US Reiterates Warnings to Belarus, Others Express Dismay
16 March 2006

After giving numerous accounts of repression of the opposition candidates in the lead up to the March 19, 2006 election, the United States, in solidarity with the EU, threatened "readiness to take further restrictive measures against the responsible individuals” unless Belarus ensures fair and free elections. 

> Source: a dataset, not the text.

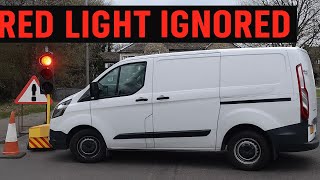Temporary Traffic Lights Fail | Dangerous Road Hazard Caught on Camera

In a March 13 interview, Javier Solana, former NATO Secretary General and current EU High Representative for the Common Foreign and Security Policy, remarked that “the EU does not wish to isolate Belarus. It is [President] Lukashenko who is isolating the country. The EU remains open to dialogue and has clearly set out the steps Belarus authorities need to take to normalize relations. Respect for democracy and the rule of law is a basic pre-condition for such a process to start.”

In an Op-Ed in the March 13 Washington Post, Slovak Republic Prime Minister Mikulas Dzurinda expressed dismay at the “tightening control of the media, imprisonment of civic activists and gross intimidation of the opposition, culminating in the beating of an opposition candidate.”  He lamented that “the people of Belarus are likely to be denied is the most fundamental of human rights: the right to political choice.”  The Prime Minister claimed Slovak solidarity with the people of Belarus, and noted that “just as orange scarves and jackets began to fill the streets of Kiev, Ukraine, last winter, blue denim has become the fashion in the streets of Belarus.”